How to complete this task:
When the line with "Used 2020 Jeep" appears below, start repeating lines exactly, and keep going through the line with "食物,技术,饮食人的女人与智能手机拍照沙拉餐厅智能手机的女人咖啡馆拍摄食物图片"; add nothing outside that span.

Top of Data section

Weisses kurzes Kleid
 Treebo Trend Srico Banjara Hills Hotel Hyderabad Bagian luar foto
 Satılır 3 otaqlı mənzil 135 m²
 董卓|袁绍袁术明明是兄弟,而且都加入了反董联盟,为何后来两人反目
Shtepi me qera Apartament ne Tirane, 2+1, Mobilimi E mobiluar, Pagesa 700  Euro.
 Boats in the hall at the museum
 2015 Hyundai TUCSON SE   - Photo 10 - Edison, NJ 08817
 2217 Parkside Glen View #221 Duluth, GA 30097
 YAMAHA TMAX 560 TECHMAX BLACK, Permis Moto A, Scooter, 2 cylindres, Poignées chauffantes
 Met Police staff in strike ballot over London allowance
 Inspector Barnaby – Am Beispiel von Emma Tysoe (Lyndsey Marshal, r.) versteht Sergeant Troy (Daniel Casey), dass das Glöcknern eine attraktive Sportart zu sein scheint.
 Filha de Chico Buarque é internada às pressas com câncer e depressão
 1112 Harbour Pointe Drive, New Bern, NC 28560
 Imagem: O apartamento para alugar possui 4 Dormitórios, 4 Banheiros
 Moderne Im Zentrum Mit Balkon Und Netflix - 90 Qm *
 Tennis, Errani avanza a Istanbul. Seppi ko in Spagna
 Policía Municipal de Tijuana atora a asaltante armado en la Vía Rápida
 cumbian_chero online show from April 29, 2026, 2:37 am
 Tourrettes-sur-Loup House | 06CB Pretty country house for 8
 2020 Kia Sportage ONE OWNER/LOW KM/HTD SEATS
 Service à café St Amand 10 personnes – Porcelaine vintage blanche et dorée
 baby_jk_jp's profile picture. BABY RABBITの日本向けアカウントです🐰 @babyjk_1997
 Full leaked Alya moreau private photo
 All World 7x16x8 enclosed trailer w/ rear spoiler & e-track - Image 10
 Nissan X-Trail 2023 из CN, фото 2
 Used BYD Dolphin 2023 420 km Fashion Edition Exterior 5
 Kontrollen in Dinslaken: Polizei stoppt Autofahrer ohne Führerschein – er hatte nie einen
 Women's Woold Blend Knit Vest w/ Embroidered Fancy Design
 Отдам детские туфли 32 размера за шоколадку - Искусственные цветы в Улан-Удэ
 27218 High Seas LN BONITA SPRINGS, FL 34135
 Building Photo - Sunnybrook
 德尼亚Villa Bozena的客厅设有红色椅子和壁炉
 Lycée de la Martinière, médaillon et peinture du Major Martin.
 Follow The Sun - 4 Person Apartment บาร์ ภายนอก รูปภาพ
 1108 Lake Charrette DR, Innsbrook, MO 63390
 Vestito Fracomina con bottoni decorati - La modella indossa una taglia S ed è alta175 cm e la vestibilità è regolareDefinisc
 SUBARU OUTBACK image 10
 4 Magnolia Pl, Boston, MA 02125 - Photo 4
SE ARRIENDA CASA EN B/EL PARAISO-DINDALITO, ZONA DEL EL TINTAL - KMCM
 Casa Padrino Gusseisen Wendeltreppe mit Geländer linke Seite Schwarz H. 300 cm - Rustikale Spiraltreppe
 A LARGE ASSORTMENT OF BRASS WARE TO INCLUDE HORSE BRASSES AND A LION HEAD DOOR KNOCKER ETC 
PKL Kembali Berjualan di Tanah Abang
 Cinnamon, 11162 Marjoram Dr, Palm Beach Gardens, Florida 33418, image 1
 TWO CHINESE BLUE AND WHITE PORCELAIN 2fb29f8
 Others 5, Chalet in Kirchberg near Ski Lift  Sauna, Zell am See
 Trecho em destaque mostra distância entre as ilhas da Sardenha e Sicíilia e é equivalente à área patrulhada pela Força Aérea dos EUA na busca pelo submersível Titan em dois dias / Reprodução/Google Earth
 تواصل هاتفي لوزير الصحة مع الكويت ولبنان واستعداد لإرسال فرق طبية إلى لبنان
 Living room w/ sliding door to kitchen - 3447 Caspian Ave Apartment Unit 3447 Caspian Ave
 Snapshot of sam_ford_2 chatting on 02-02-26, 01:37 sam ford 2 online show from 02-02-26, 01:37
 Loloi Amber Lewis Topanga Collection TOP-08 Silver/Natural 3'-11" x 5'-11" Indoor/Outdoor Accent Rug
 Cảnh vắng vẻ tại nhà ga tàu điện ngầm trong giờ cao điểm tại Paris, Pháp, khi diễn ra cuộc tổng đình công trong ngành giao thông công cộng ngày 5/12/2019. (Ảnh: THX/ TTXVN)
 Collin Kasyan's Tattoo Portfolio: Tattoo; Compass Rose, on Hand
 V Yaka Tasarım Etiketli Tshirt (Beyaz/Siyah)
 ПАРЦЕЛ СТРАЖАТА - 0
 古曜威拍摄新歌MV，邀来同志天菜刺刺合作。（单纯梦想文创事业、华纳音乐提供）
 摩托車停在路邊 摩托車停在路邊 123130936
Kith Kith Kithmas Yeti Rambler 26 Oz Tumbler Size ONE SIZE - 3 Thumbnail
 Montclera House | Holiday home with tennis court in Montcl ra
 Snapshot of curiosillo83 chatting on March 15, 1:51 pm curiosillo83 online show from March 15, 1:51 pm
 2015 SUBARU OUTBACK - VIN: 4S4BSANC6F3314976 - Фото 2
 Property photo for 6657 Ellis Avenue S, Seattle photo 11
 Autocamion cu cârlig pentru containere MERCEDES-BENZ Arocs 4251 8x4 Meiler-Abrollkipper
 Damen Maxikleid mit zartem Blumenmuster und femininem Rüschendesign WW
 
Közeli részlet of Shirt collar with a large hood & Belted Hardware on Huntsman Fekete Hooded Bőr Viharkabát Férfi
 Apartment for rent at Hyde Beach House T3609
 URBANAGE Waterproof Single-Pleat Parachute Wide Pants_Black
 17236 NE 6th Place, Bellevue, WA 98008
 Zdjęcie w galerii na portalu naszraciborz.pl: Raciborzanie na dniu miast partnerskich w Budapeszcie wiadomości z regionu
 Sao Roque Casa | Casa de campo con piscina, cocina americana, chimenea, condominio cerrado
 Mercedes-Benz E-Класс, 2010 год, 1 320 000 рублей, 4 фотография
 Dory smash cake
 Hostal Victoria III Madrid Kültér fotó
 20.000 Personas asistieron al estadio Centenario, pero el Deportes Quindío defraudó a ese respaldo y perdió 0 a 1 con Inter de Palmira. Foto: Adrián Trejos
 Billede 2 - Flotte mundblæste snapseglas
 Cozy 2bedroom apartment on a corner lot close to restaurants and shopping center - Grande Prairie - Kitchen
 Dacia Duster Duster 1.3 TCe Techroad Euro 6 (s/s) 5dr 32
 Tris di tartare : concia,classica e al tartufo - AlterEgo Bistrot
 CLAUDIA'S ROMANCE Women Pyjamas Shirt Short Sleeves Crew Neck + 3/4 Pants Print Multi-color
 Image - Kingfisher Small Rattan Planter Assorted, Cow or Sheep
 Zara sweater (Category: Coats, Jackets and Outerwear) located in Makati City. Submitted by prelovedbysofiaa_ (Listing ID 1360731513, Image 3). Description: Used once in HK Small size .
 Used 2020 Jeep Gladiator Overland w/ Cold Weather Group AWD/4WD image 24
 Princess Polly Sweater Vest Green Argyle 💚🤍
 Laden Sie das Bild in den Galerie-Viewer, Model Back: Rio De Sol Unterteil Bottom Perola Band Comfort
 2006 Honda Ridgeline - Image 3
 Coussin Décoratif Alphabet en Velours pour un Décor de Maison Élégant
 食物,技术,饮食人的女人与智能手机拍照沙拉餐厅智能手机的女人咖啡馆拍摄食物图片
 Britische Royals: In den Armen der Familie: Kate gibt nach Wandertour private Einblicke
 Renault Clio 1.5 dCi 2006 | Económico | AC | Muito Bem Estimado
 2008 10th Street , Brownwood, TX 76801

Bottom of Data section

Response below:
 Used 2020 Jeep Gladiator Overland w/ Cold Weather Group AWD/4WD image 24
 Princess Polly Sweater Vest Green Argyle 💚🤍
 Laden Sie das Bild in den Galerie-Viewer, Model Back: Rio De Sol Unterteil Bottom Perola Band Comfort
 2006 Honda Ridgeline - Image 3
 Coussin Décoratif Alphabet en Velours pour un Décor de Maison Élégant
 食物,技术,饮食人的女人与智能手机拍照沙拉餐厅智能手机的女人咖啡馆拍摄食物图片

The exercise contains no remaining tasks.